Fran lanzó un bufido de risa y el sonido los liberó a ambos bruscamente del trance.

—¡Qué la diosa nos proteja, lo hemos conseguido! ¡Índigo, lo hemos conseguido!

Sin preocuparle que el arpa que sujetaba la muchacha sufriera algún daño, el joven recorrió la distancia que los separaba de una zancada y la rodeó con sus brazos, aplastándola con un fuerte abrazo, Índigo se echó a reír también, y le devolvió el abrazo lo mejor que pudo; el muchacho la besó en la mejilla, luego llevado por la emoción intentó encontrar su boca con los labios. Ella volvió la cabeza con rapidez, y se separaron en una confusión de exclamaciones y más risas. No obstante, aunque el abrazo había sido inocente, y ella había podido retirarse sin causar ofensa ni daño, Índigo sabía que sólo se hubiera necesitado el más mínimo estímulo para romper el equilibrio en la mente de Fran, entre la camaradería y algo mucho más complejo.

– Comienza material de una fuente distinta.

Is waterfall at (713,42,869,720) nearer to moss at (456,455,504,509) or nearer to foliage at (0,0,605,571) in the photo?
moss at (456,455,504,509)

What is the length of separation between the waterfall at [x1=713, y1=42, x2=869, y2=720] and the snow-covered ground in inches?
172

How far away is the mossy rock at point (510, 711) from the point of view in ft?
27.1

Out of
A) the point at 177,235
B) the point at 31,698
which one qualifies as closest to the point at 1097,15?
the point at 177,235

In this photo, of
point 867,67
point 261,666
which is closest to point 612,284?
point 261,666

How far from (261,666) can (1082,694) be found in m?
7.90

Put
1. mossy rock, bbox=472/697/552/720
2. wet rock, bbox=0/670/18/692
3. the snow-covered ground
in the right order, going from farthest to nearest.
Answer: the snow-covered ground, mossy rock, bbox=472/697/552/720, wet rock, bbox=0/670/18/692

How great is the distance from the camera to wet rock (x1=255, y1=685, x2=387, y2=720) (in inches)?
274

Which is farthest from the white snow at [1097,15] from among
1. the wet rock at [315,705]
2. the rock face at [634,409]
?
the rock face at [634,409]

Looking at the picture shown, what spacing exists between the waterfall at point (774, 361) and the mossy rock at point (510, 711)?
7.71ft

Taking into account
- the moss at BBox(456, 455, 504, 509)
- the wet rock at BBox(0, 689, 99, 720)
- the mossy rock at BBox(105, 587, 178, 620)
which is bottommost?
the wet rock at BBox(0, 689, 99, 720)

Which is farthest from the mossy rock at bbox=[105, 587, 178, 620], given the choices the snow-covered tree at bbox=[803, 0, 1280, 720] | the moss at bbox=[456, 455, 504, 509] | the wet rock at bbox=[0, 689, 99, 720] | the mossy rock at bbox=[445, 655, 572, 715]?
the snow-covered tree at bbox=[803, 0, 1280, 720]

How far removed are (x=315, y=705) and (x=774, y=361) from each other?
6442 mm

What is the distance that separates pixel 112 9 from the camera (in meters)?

Lo sabes, ¿verdad?, que Fran está enamorado de ti. Las maliciosas palabras de Esti junto al estanque regresaron a su mente. Lo sabía: lo sabía desde hacía mucho tiempo, desde mucho antes de que la sombra de Bruhome cayera sobre su feliz tregua. En medio del alegre caos de la vida comunitaria de los Brabazon había resultado fácil evadir la cuestión y cualquier tensión que de otra forma pudiera haber creado; pero aquí la situación era diferente por completo. De momento no se había visto obligada a mantener a Fran a distancia; sólo había esperado que sin la presencia de Esti para interponerse entre los dos, la actitud de Fran no empezara a cambiar.

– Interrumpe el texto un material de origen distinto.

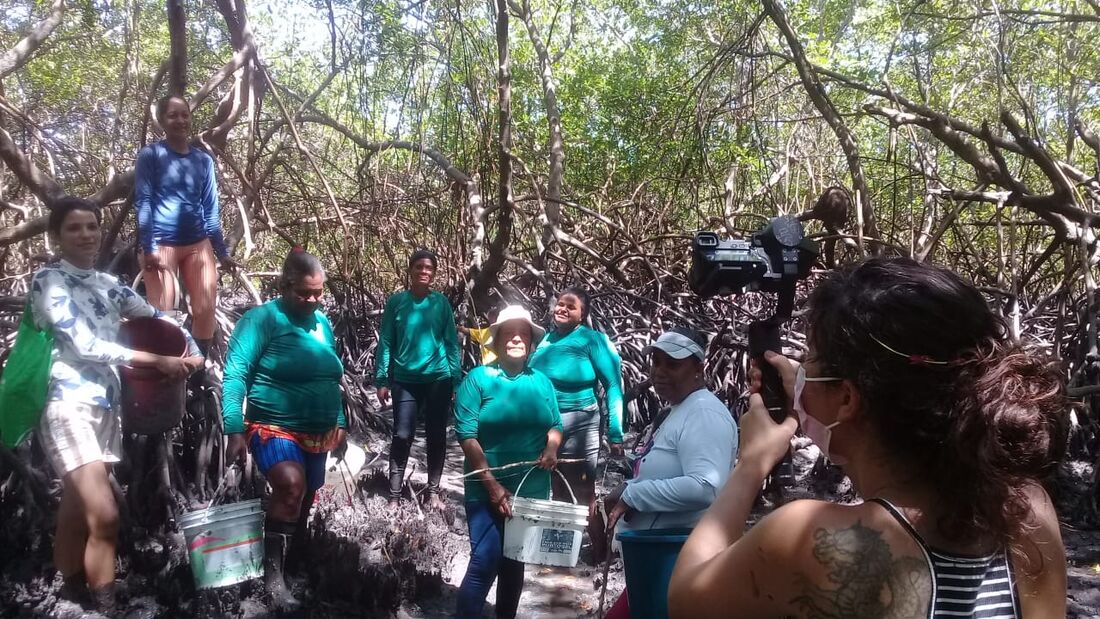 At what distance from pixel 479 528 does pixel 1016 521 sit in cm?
176

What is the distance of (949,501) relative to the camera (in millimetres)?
908

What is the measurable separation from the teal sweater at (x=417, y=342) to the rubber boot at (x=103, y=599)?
148 centimetres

Apartó rápidamente la idea de su cabeza: por el momento ambos tenían otras cosas más urgentes de qué preocuparse. Estaban al pie del sinuoso sendero que zigzagueaba por los escarpados riscos, a través de los bosquecillos de matorrales achaparrados y árboles enanos que crecían en las rocosas laderas, ascendiendo hasta llegar a la lejana verja, que desde donde ellos estaban resultaba invisible en medio de la maraña de ramas y hojas que sobresalía de entre las rocas.